↓↓↓

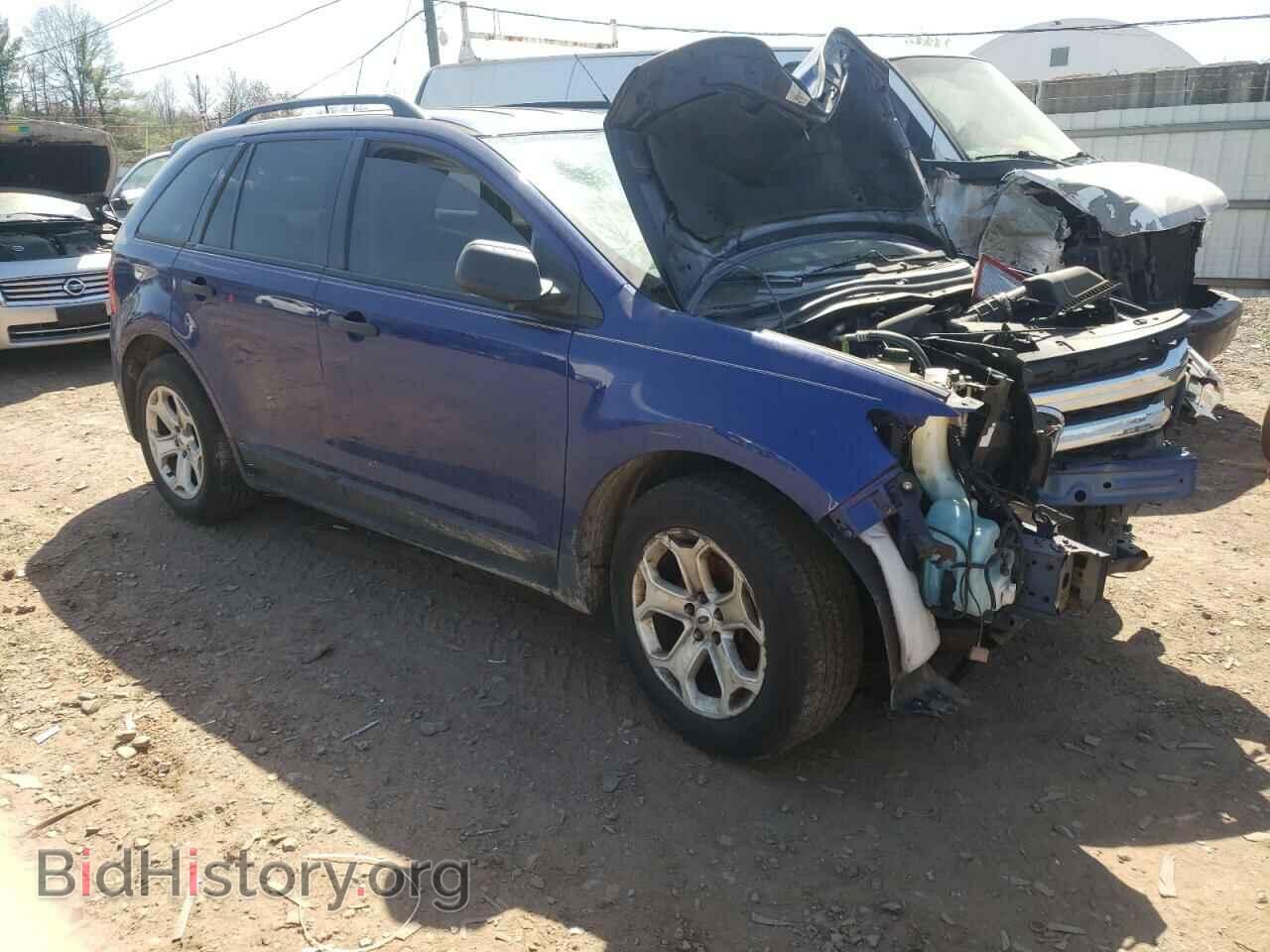 2013 FORD EDGE - VIN: 2FMDK3G92DBA12927 - Photo 4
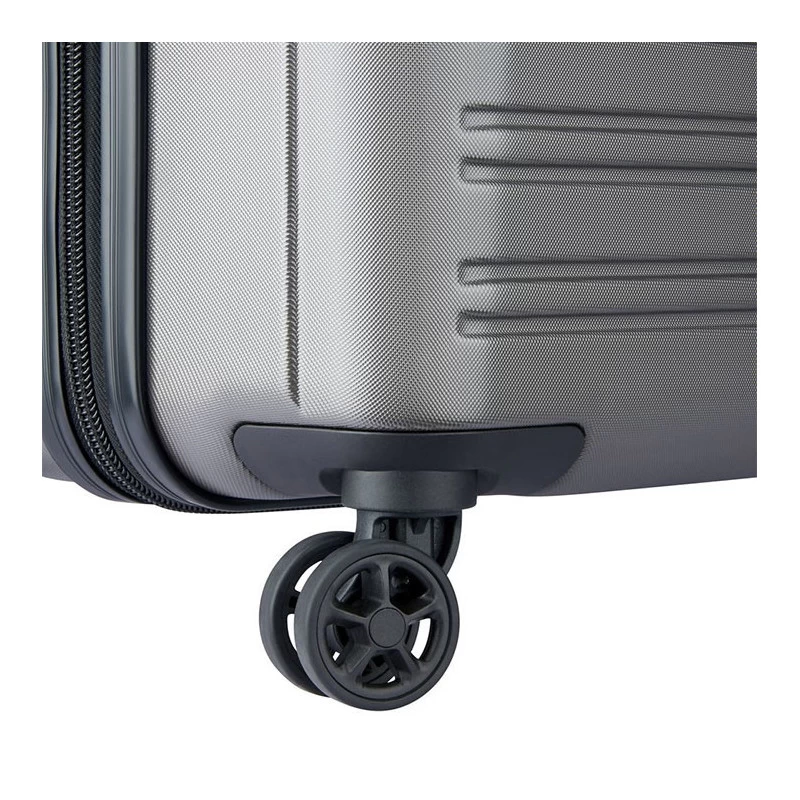 Delsey Paris Valise Cabine Rigide Segur 2.0 55 Cm Gris 8 Delsey Paris Valise Cabine Rigide Segur 2.0 55 Cm Gris – Image 6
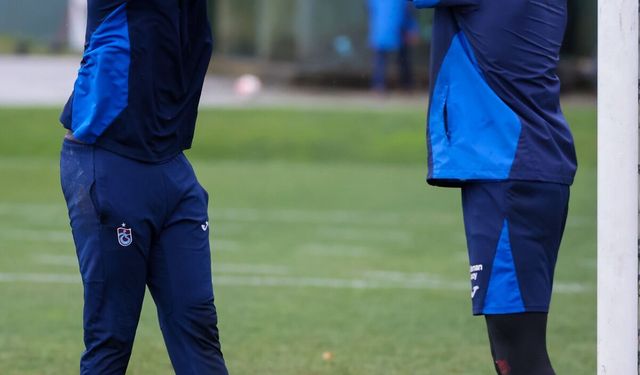 Trabzonspor'da Kocaelispor maçı hazırlıkları sürüyor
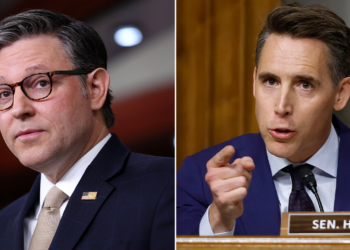 Sen Josh Hawley urges Speaker Mike Johnson to block youth sex change funding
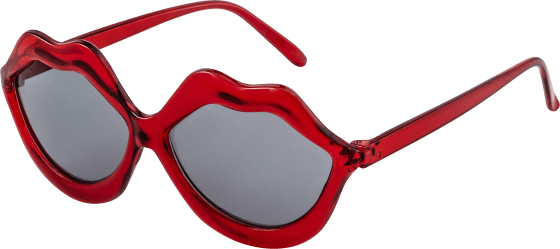Kussmund-Form, in St 1 Party-Sonnenbrille Rote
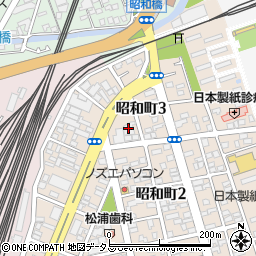 菱栄電材株式会社周辺の地図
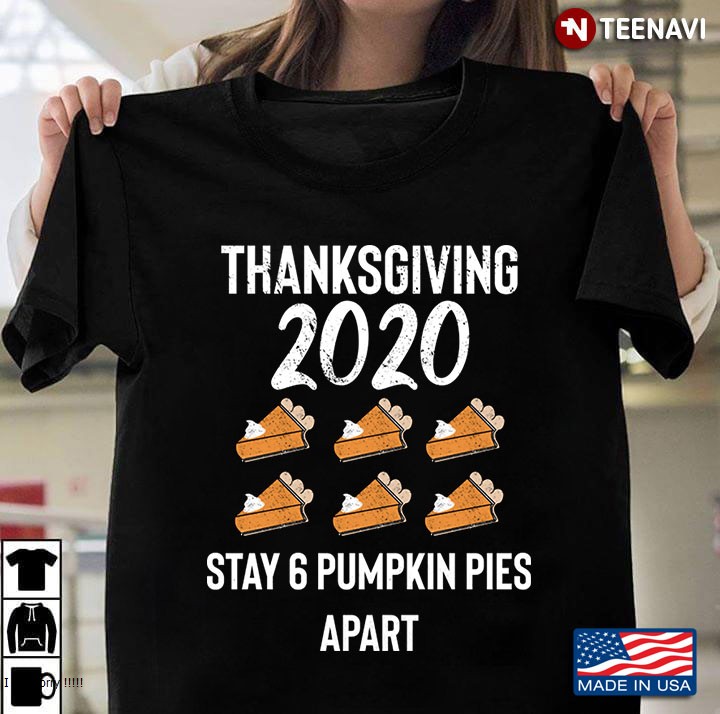 Thanksgiving 2020 6 Pies Apart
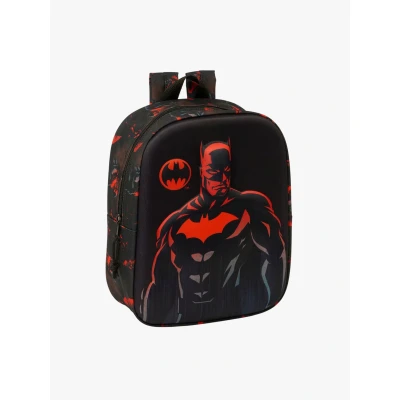 Billede af Batman Skoletaske Sort 22 x 27 10 cm 3D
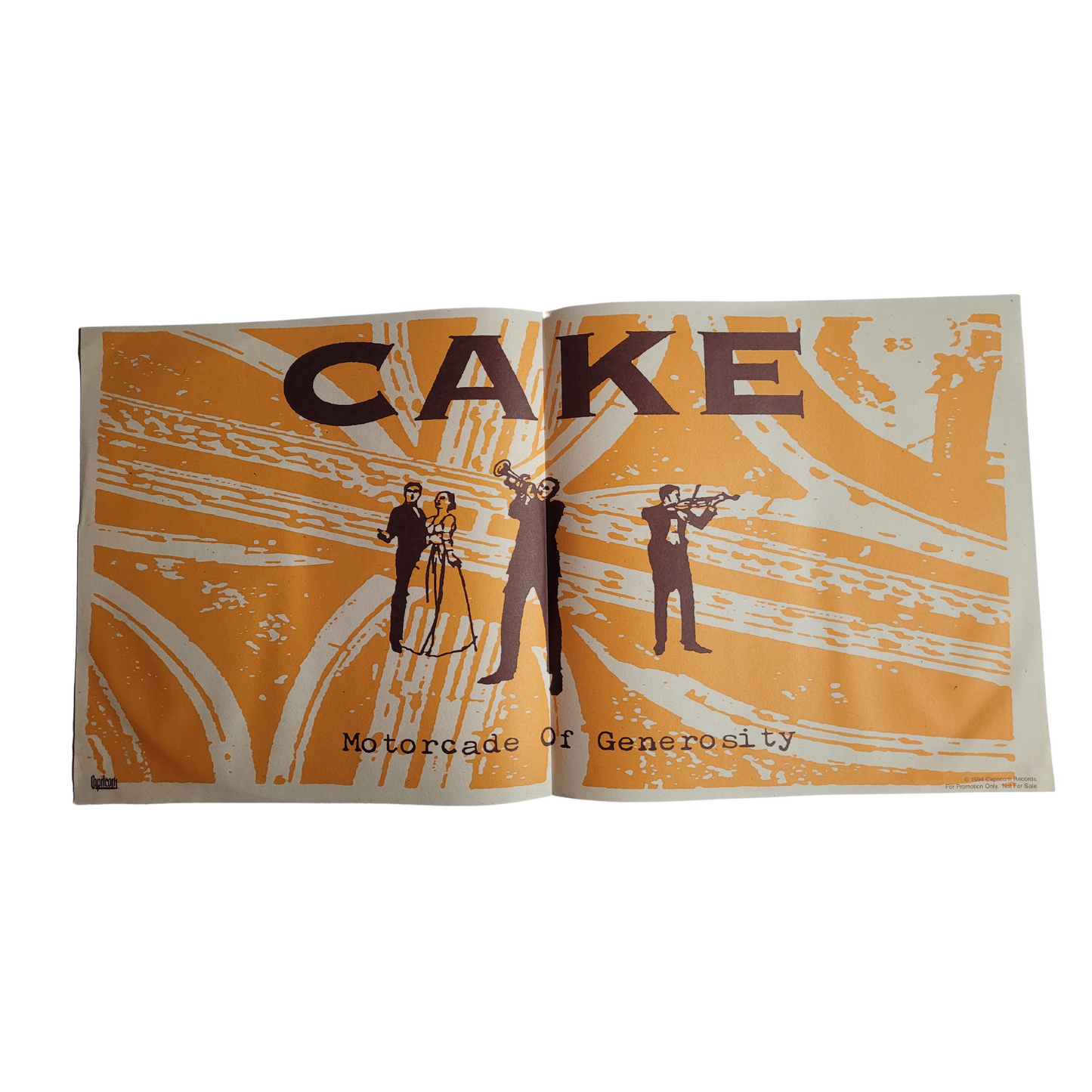 Cake – Motorcade of Generosity (LP with Silkscreen Poster)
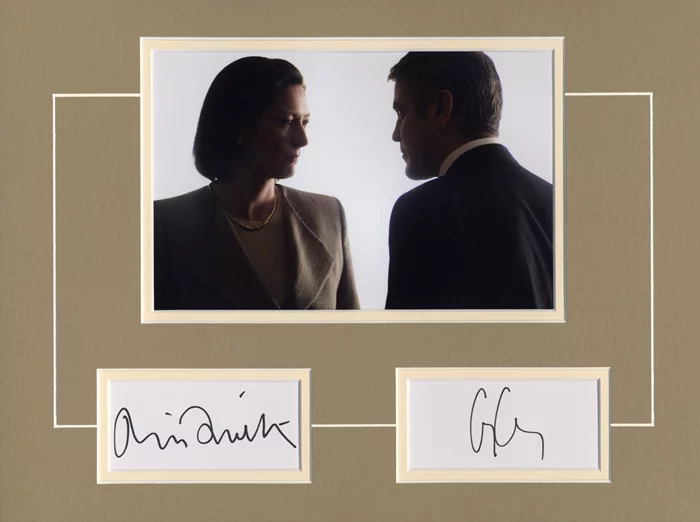 Michael Clayton autograph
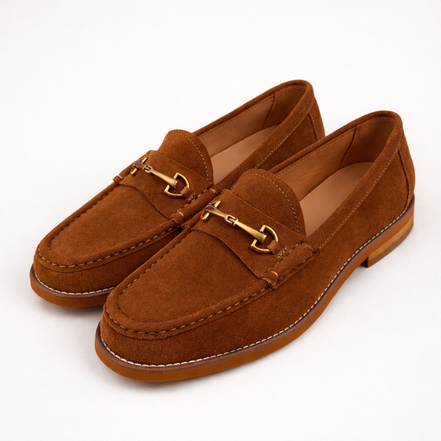 Horse Bit Penny Loafer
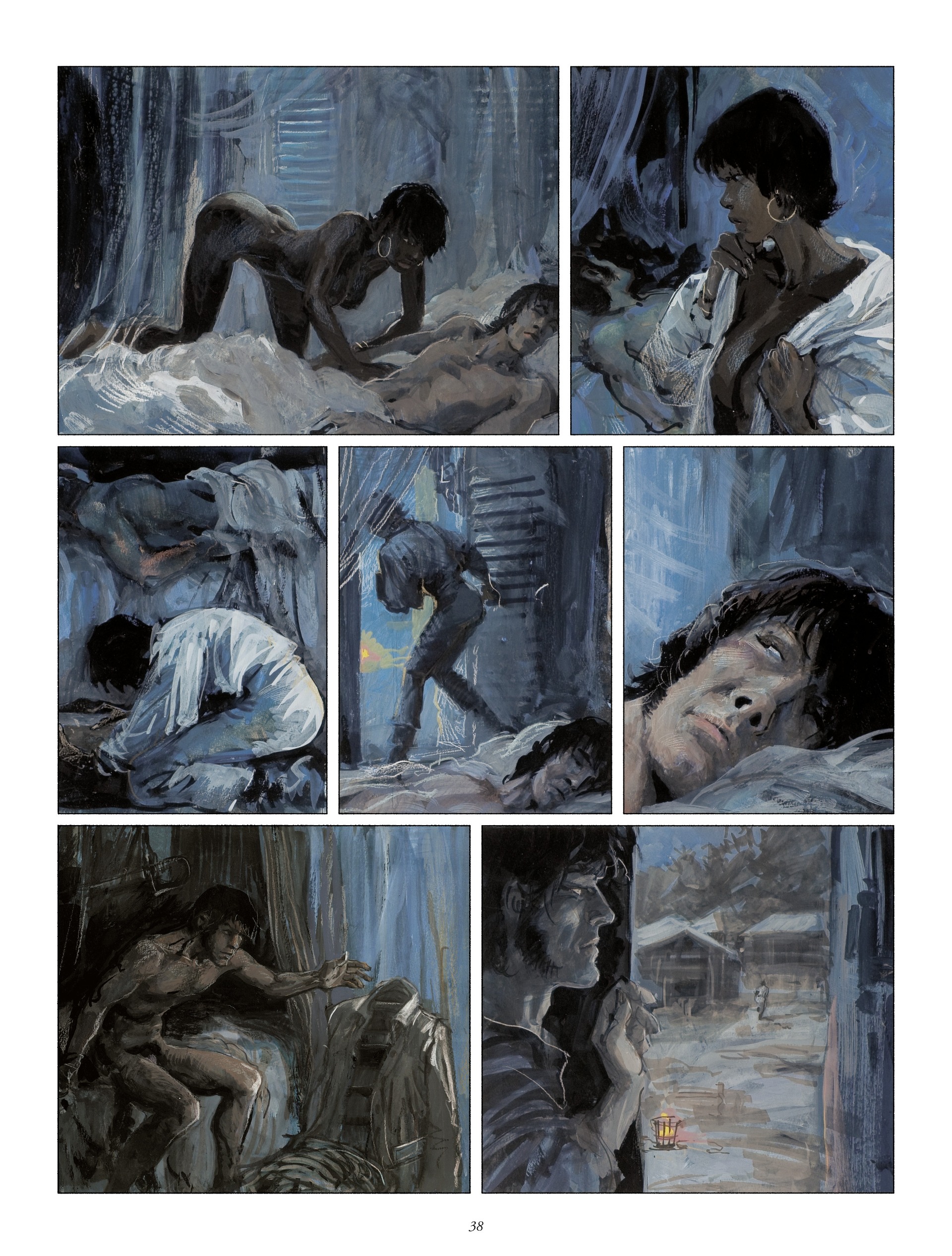 Read online The Revenge of Count Skarbek comic -  Issue #2 - 40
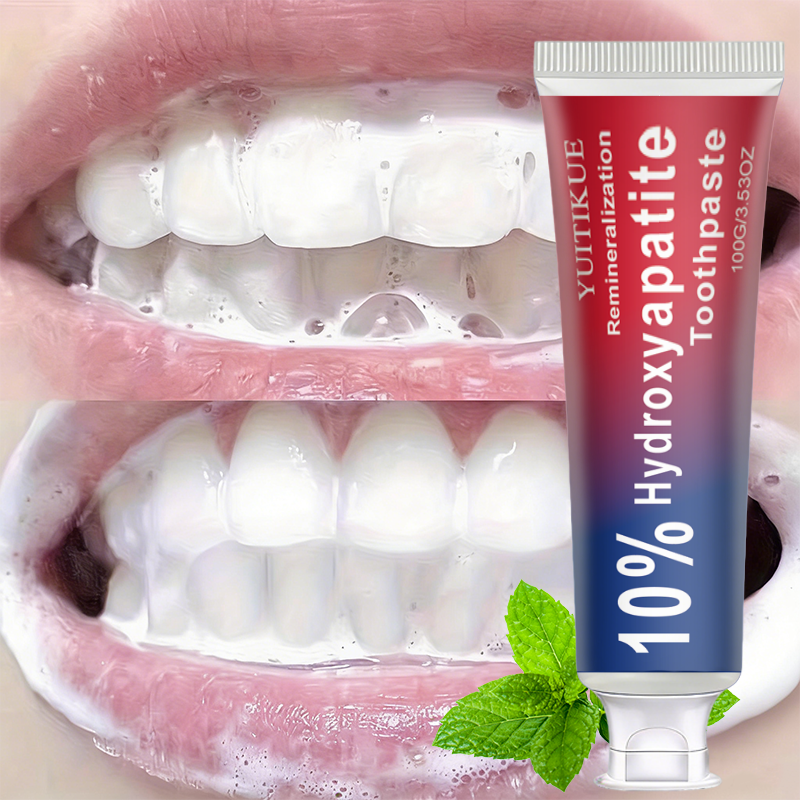 YUITIKUE 10% Hydroxyapatite To - огляд і ціна Teeth Whitening Xylitol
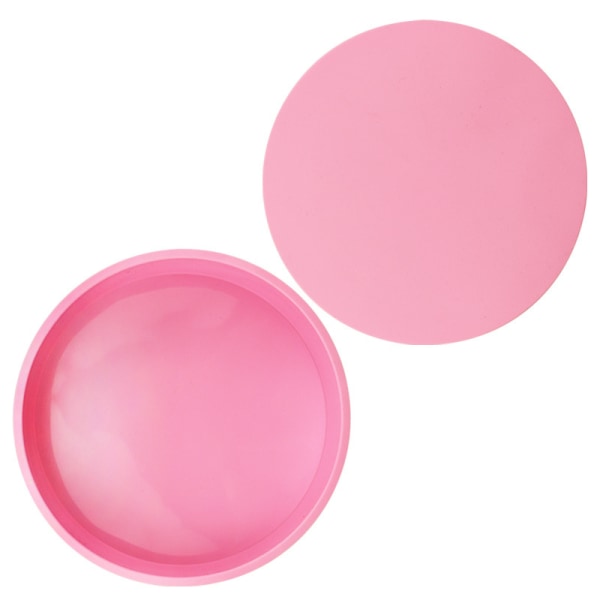 Silikonkakeformer 6 tommer rosa 4 stk. (ROSA)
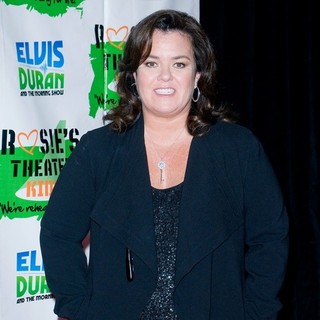 Rosie O'Donnell in Rosie's Building Dreams for Kids Gala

↑↑↑

Instructions for the task
Retype the listing exactly and drop the pictures.

Written solution
 2013 FORD EDGE - VIN: 2FMDK3G92DBA12927 - Photo 4
 Delsey Paris Valise Cabine Rigide Segur 2.0 55 Cm Gris 8 Delsey Paris Valise Cabine Rigide Segur 2.0 55 Cm Gris – Image 6
 Trabzonspor'da Kocaelispor maçı hazırlıkları sürüyor
 Sen Josh Hawley urges Speaker Mike Johnson to block youth sex change funding
Kussmund-Form, in St 1 Party-Sonnenbrille Rote
 菱栄電材株式会社周辺の地図
 Thanksgiving 2020 6 Pies Apart
 Billede af Batman Skoletaske Sort 22 x 27 10 cm 3D
 Cake – Motorcade of Generosity (LP with Silkscreen Poster)
 Michael Clayton autograph
 Horse Bit Penny Loafer
 Read online The Revenge of Count Skarbek comic -  Issue #2 - 40
 YUITIKUE 10% Hydroxyapatite To - огляд і ціна Teeth Whitening Xylitol
 Silikonkakeformer 6 tommer rosa 4 stk. (ROSA)
 Rosie O'Donnell in Rosie's Building Dreams for Kids Gala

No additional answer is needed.